In late 1914, the Columbia Graphophone Company published How to Dance the Fox Trot by the noted dancer Joan Sawyer, a little promotional booklet whose cover is shown at left. Columbia's goal was to promote record sales, but the booklet is a well-written source for early foxtrot.
An introductory note from Ms. Sawyer dated November 23, 1914, declared:
The Fox-trot was originated and danced first by me at my Persian Garden in New York and later in vaudeville.
I have no particular desire to delve into the eternal dispute over who, exactly, created the foxtrot, but Sawyer was certainly one of the earliest to popularize it and to publish a coherent set of sequences for dancing it. I've already written about three of her four sequences (the first is a standard one) and will not repeat all the descriptions, but here is the list with the names given by Sawyer:
1. The Walk and Trot.
2. The Drag Step and Trot.
3. The Maxixe Glide and Trot.
4. The Zig-Zag Step and Trot.
It was not until relatively recently, when I was working on the Zig-Zag Step, that I realized that another source gave a list of four sequences suspiciously similar to Sawyer's: a booklet with the unwieldy title Description of Modern Dances as Standardized by the New York Society Teachers of Dancing and approved by the Congress of Dancing Societies of America at meeting held December 27th, 1914, in New York City, N. Y. (American National Association Masters of Dancing, Pittsburgh, 1915). The dancing masters didn't give their variations names, but the list taken as a whole looks awfully familiar:
- walking and trotting
- side-close step and trotting
- maxixe two-step and trotting
- zig-zag steps and trotting
Each individual variation is just a bit different than those given by Sawyer, but I find it hard to believe that the matching sequence is a coincidence, particularly since the maxixe and zig-zag variations are, so far as I have discovered, unique to these two sources.
Here's a list of direct comparisons between Sawyer's sequences and the dancing masters':
1. Walk/trot
Sawyer: SSSS QQQQ QQQQ; all steps straight (exactly as described in #4 here)
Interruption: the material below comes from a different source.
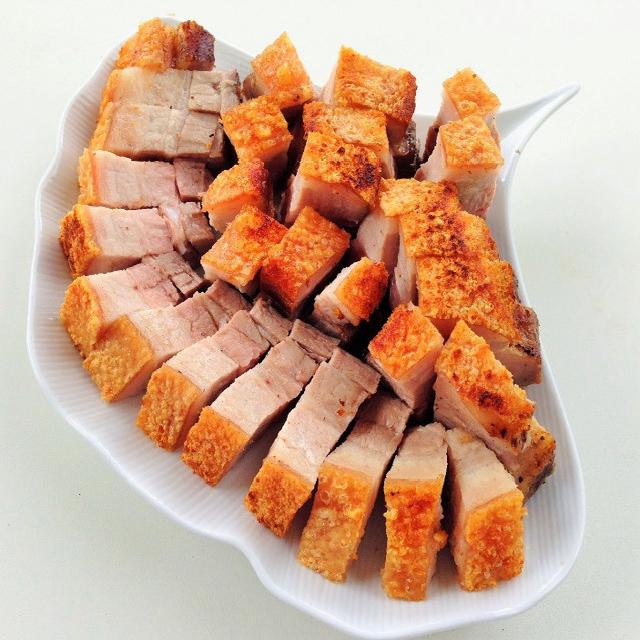 des morceaux de porc laqué croustillant dans une assiette blanche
DMs: SSSS QQQQ QQQQ; last four quicks turning
2. Drag (side step)/trot
Sawyer: Side step, close, and four trots, SSQQQQ (described here)
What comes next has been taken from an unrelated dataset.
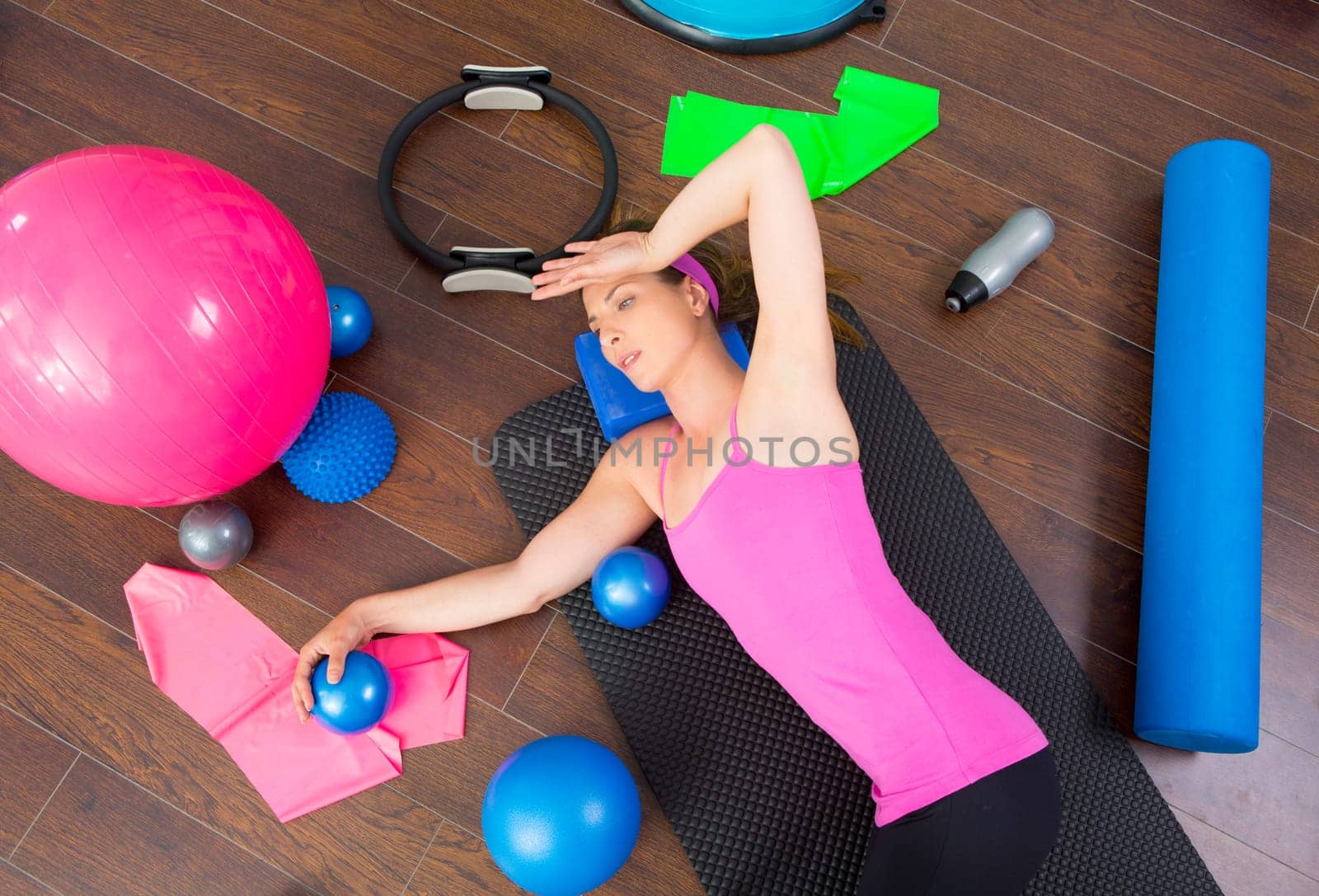 Aerobics instructor woman tired resting lying on mat with pilates balls and bands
DMs: Sawyer's sequence repeated twice followed by SSSS turning to the right
3. Maxixe/trot
Sawyer: Four maxixe-styles two-steps and eight trots, QQS QQS QQS QQS QQQQQQQQ (described here)
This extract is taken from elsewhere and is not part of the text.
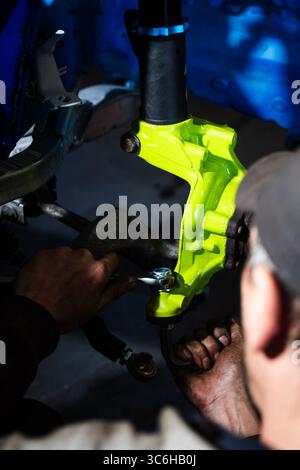 Einbau der Rennscheibenbremse mit leuchtend grünem Achsschenkel an der Aufhängung. Einbau der Vorderradaufhängung und der Bremsscheibe. Einbau der Performance-Federung Stockfoto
DMs: Maxixe-styles two-step half-turn QQS, four trots QQQQ, repeat QQS QQQQ
4. Zig-Zag/trot or walk
Sawyer: two zig-zags then, presumably, eight trots, QQS QQS QQQQQQQQ (interpreted here)
DMs: four fast zig-zags and two walks, QQQ QQQ QQQ QQQ SS
Sawyer was based in New York City, where the dancing masters' meeting was held. She might even have attended it. Did her teaching or dancing influence their list of sequences? Did they get a copy of the Columbia booklet, copy the sequences, and tweak them? Either way, they did not credit Sawyer.
We can never know for certain one way or the other, but personally, I believe there was some influence, at least.